The first mention of cranberry bogs in Plympton appears in the town warrant posted for the annual spring town meeting in 1885.
George W.Randall and his brother Gilbert H. Randall were Plympton's pioneer cranberry growers. About if not exactly 1890 they built their first bog down opposite the eastern end of Mayflower Road. This first bog was their so-called Screen House bog. Quickly followed the Brown Swamp bog and soon after the Round bog. In later years they added the Whiting Field bogs, and a few acres above their reservoir.

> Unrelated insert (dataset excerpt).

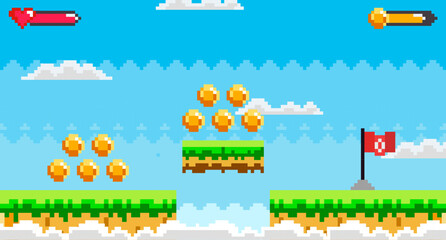 Vivid pixel art scene with hearts, coins, and platforms against a clear blue sky with clouds. Ideal for retro gaming, platform games, video game development, arcade-style graphics, mobile game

From 1890 to 1910 the bogs of the Randall Bros. down at the end of Mayflower Road were the Mecca for local pickers. The berries were all picked by hand and from one to two hundred pickers were kept busy on these small bogs. It usually required from six to eight weeks to complete the task. Pickers came in from Carver and Halifax to aid the local folks in the harvest. Year after year several more came from the distant cities of Fall River and New Bedford.
The Corey Whiting Cranberry Company purchased the bogs in June 1910 for $3,400. They expanded the bogs yearly. By 1917 the Company had 14 acres and 3 rods of bog under cultivation.

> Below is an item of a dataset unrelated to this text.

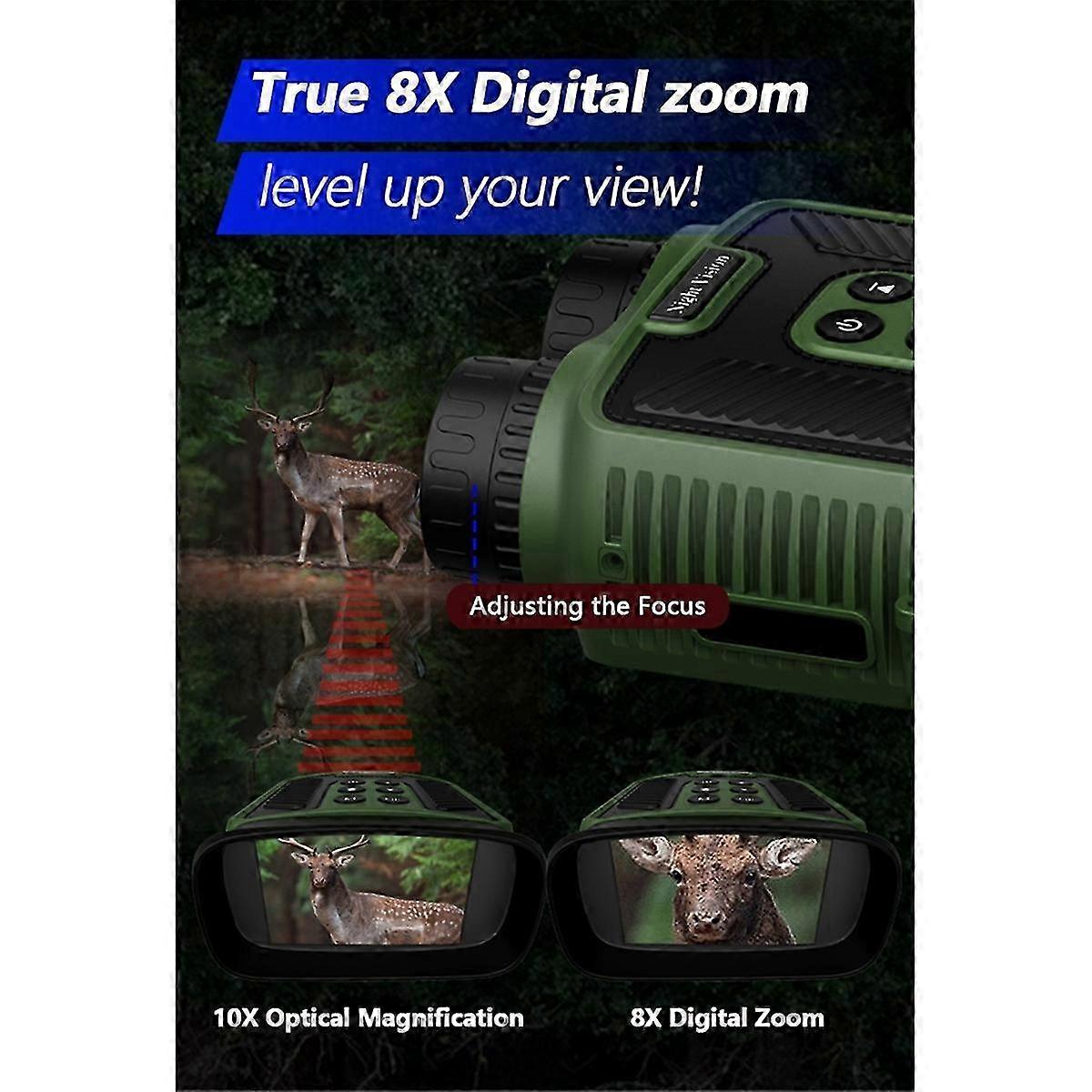 Digital Infrared Night Vision Binoculars Telescope 300M ArmyGreen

The Corey Whiting Cranberry Company dissolved in 1941. Robert Whiting farmed the bogs until the early 1980's when Wayne and Karen Barnes purchased the farm and named it Blue Heron Farms. Jeff and Kim LaFleur purchased the farm in April 2009.

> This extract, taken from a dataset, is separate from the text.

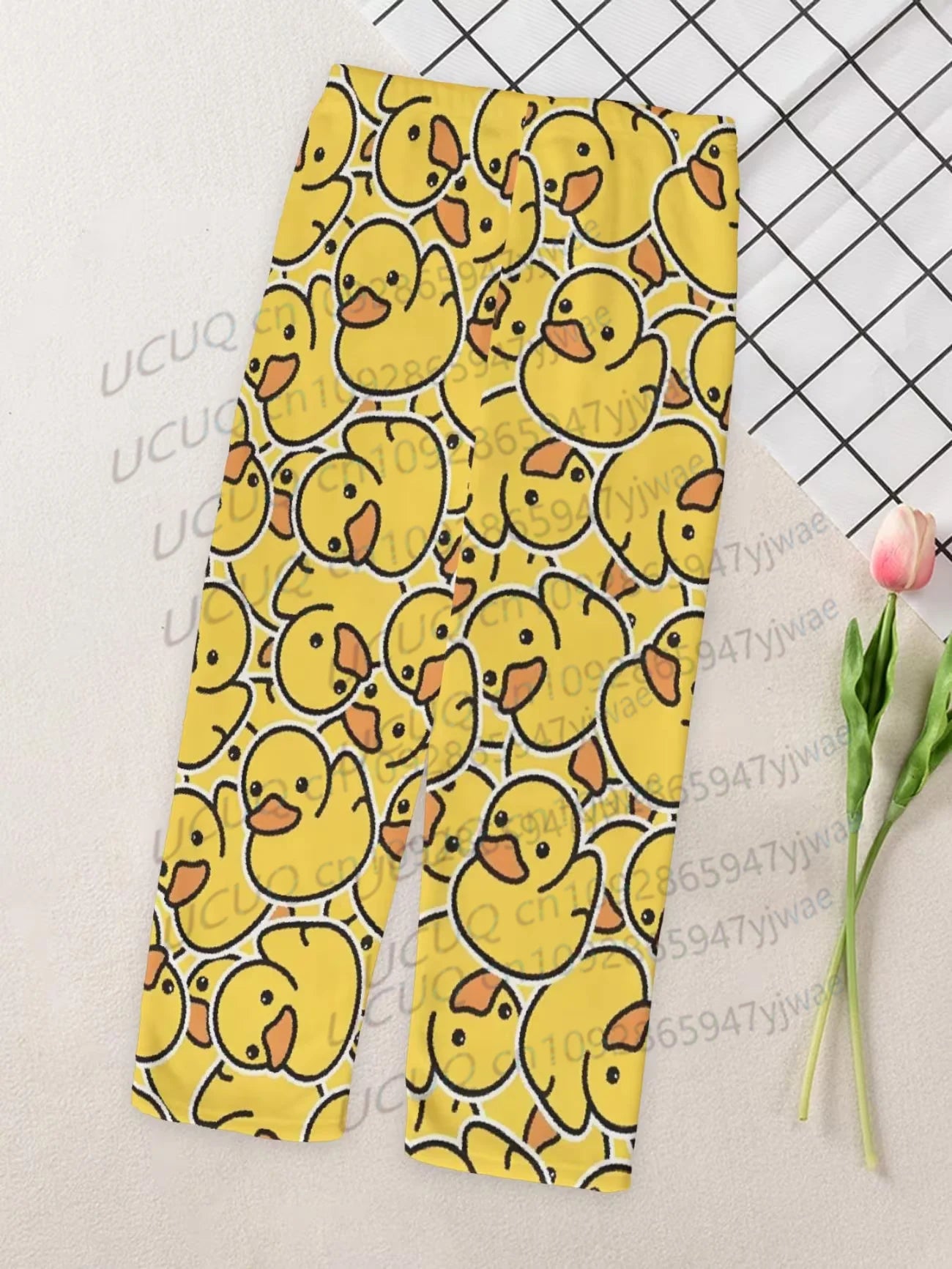 Autumn and Winter Men's Flannel Pajama Pants Pajama Pants Fleece Yellow Duck Print Pajama Women Sleep Pants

The Round, Screenhouse and Brown Swamp bog are all still in production. The Round bog has just under one acre of a cranberry variety named Whiting–Randalls discovered in Plympton in 1888.
Today, Mayflower Cranberries has 112 total acres of which 23.6 acres are cranberry bogs, the balance being the reservoir, wetlands and upland buffer areas that support the bogs .We are growers for Ocean Spray Cranberries. Ocean Spray is a farmer owned cooperative.